Ça aussi, ça passera évoque un deuil, une disparition. Celle de la mère de la narratrice Blanca, la quarantaine, dont elle assiste, au début du roman, à l’enterrement, à Cadaquès, là où elle a vécu, là où, chaque été, se rassemblait toute sa famille. La disparition de sa mère, son enterrement, provoque chez Blanca le besoin de faire une pause dans sa vie, la raconter, la quarantaine venue, le moment des remises en question. D’où sa première décision: celle de revenir vivre à Cadaquès, c’est l’été, et d’y convier tous ses proches : ses deux ex-maris, ses deux enfants, ses deux amies et son seul amant qui, lui, habite tout près! On ne sait jamais et puis le sexe…

C’est fait. Ma mère est morte. Je crois que je vais m’installer à Cadaquès. Maintenant que tu vis ici, c’est mieux. (fin du chapitre 1)

(début du chapitre 2) A ma connaissance, la seule chose qui ne donne pas la gueule de bois et met entre parenthèses la mort – comme la vie – c’est le sexe (Ça aussi, ça passera, p.14-15)

Une légèreté et une franchise incroyables

Ça aussi, ça passera, vous l’aurez compris, n’est pas un roman mélancolique loin de là. Même si Milena Busquets utilise un double registre narratif pour dérouler son récit (un à la première personne, l’autre à la seconde personne comme une adresse à sa mère morte, la prenant à témoin des conséquences de sa mort sur sa fille), la pesanteur du deuil n’envahit pas trop sa prose qui sait s’en échapper avec légèreté en brossant le quotidien de son héroïne, Blanca et de cette famille élargie dont elle décrit avec saveur les arcanes, les discussions, les désirs non éteints, les moments de confidence. Légèreté aussi des relations de Blanca avec les hommes qui constituent presque un roman dans le roman tant les échanges de toutes sortes affleurent et la grande connaissance de l’âme masculine et de ses ressorts de séduction transparaissent, amusent, émeuvent et finissent par la laisser dans la vie. Mais ce besoin léger en apparence en recouvre un autre plus profond.

Tout l’amour de mes amis et de mes enfants ne suffit pour que je puisse résister aux violentes rafales de ton absence, j’ai besoin d’être agrippée à un homme pour ne pas être emportée dans les airs. (Ça aussi, ça passera, p.96)

Qu’elle assume avec ses deux ex-maris avec qui il lui arrive encore parfois de coucher, avec Santi, son amant et avec cet inconnu entrevu au cimetière dont elle rêve puis va faire plus ample connaissance.

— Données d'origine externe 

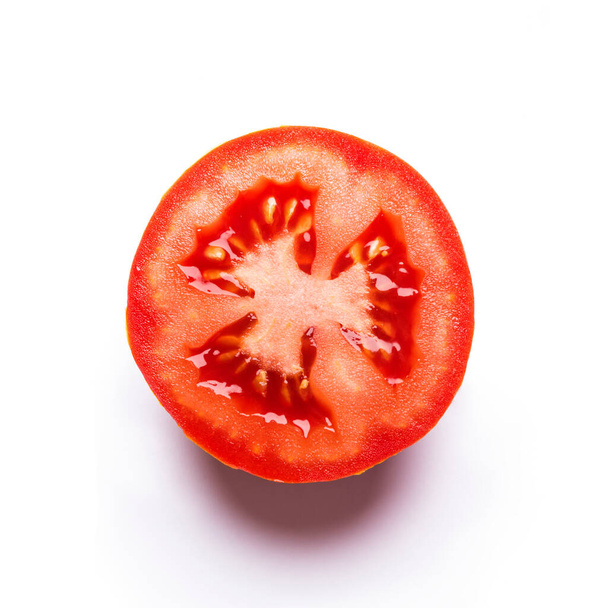 eine Tomate halbiert auf weißem Hintergrund und quadratischem Format - Foto, Bild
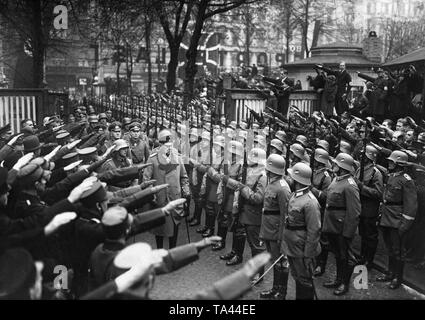 Präsident Hindenburg und der Chef der Armee, Werner von Fritsch Prüfen einer Ehrenwache der Reichswehr vor dem Sportpalast, von SA-Männern und Zivilisten, die ihre Arme in den Hitlergruß heben flankiert. Das Foto ist nicht datiert, aber höchstwahrscheinlich vom 14. Januar 1934. Stockfoto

Passé et présent s’entremêlent avec finesse

Ça aussi, ça passera raconte le retour sur soi, le récit intime de la sensualité d’une femme, cette « infinie légèreté de l’être » qui se déroule dans un paysage de carte postale: la mer changeante, le village entièrement vêtu de blanc se recroquevillant autour de son église, la chaleur forte et bienveillante. Là, au fil des épisodes de cet été, que Blanca vit à fond, se greffent des instants du passé, à travers des rencontres, des lieux qu’elles croisent à nouveau, des chiens dont la compagnie lui est indispensable, instants du passé qui la ramènent à sa mère qui vit toujours, là-bas dans le cimetière tout proche, et avec laquelle elle a tissé une relation forte, presque absolue.

Et tout ça, ça va passer?

Ça aussi, ça passera renvoie, nous raconte Blanca, à un empereur de Chine qui réunit un jour tous les sages de son Empire pour leur poser la question suivante : trouvez-moi une phrase que je puisse servir dans toutes les circonstances de la vie.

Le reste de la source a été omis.